Simple campaign means so much to students

Cat Cavazos, Co-editor

“I am sassy.” “I am determined.” “I am smart.”

“I am not retarded.”

These are the signs that the Interpersonal Relations students hold up in their new promotional video about a campaign that has spread across the nation. Their goal is simple: “Spread the word to end the word.”

Olathe South is just one of many schools promoting this message to end the use of the word “retard,” and the students are working hard to promote their important cause throughout the student body. A banner filled with signatures pledging to “End It” hangs in the commons, blue bracelets with the slogan were passed out during lunchtime, and a video was made that was featured on Channel 5 News.

Catherine Wormus, SPED teacher, said all of the Olathe schools were asked to participate in December, and each school is running the program their own way. South chose to celebrate throughout the first week of March, which also happens to be Autism Awareness Week. Marketa Clanton, Clayton Renner and Jordan Megles, seniors, were all chosen to be on the leadership team and be the building representatives.

Raising awareness has meant a lot to the kids who are in the Interpersonal Relations classes. Emma Lengquist, junior, said that she “has been called retarded before” and that it hurts her.

“If I hear someone else saying it, I tell them that it isn’t nice. I wish it would go away,” she said.

And not only has it made a difference in the kids’ lives; it has also helped the students who mentor them.

Jordan Megles, senior, said that this campaign holds a special place in her heart because she comes from a family who focuses on helping kids with special needs. “My brother has developmental disabilities and my mom is a para. [Calling somebody that name] is not funny, and it’s not a joke anymore,” she said.

Besides this campaign, the school helps children with special needs all year round, pairing peer mentors with students in the Interpersonal Relations class during fourth hour. Megles, Lengquist, Clanton and Renner are all members of this class.

Wormus said that she hopes that students will realize that words do hurt and that people will start to think hard before they speak.

“Sometimes, [kids] think they’re teasing, or they don’t think lower-functioning kids understand what they are saying,” she said, but they do. “Kids have feelings, and they want to be treated normal, like everyone else.”

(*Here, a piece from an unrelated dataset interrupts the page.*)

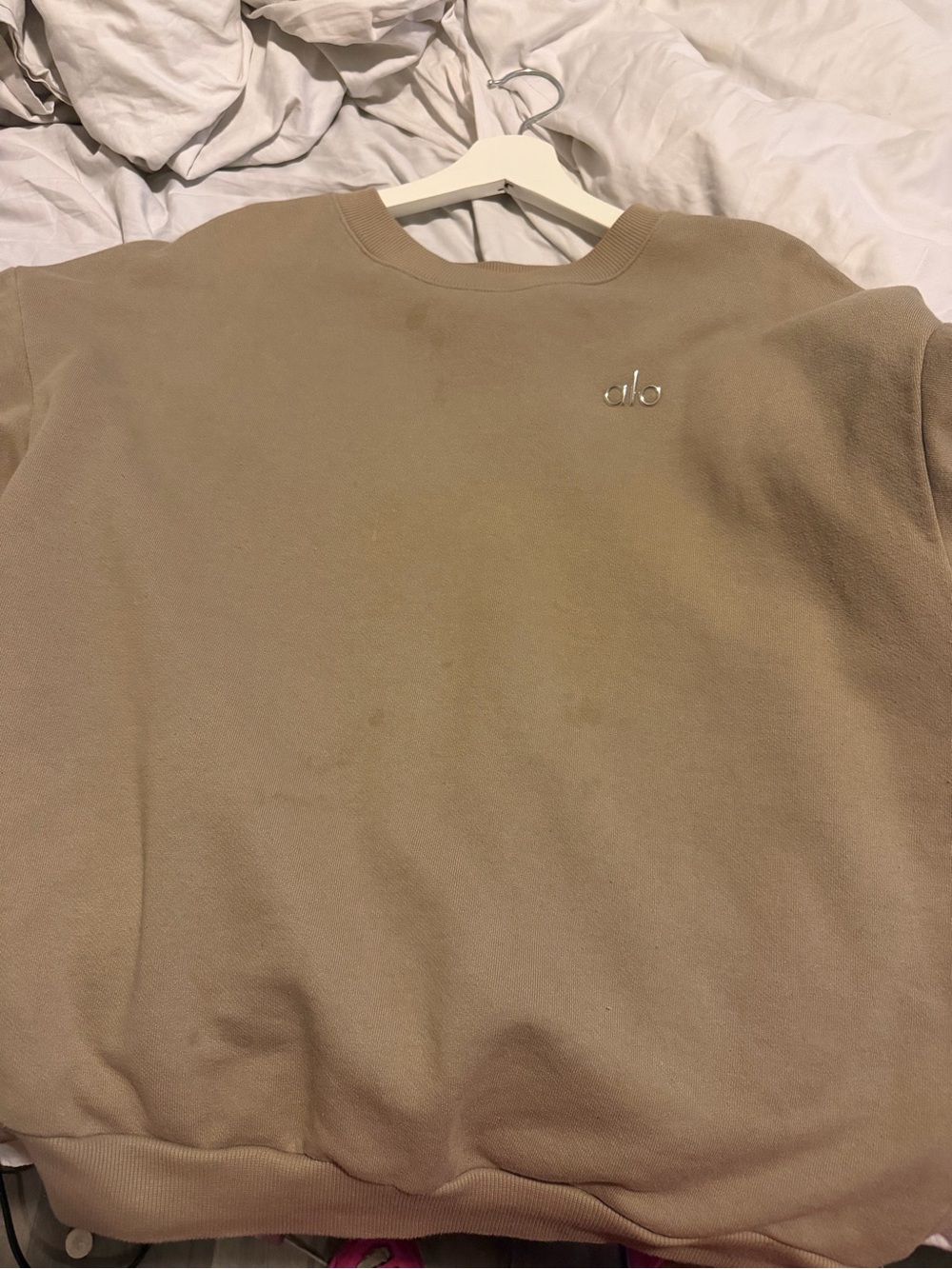 ALO Yoga Men's Crewneck Sweatshirt in Taupe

To support the cause, all a student has to do is to stop bullying when they see it and to implement the words that Phil Clark, principal, teaches each Freshman Class: “Ouch, don’t go there.”

A few simple steps can make all of the difference in the world to a student who needs a friend because for every student that chooses to be mean, 10 others are willing to step up. And this campaign is one way to finally erase the “R” word, among other insults, from teenagers’ vocabulary once and for all.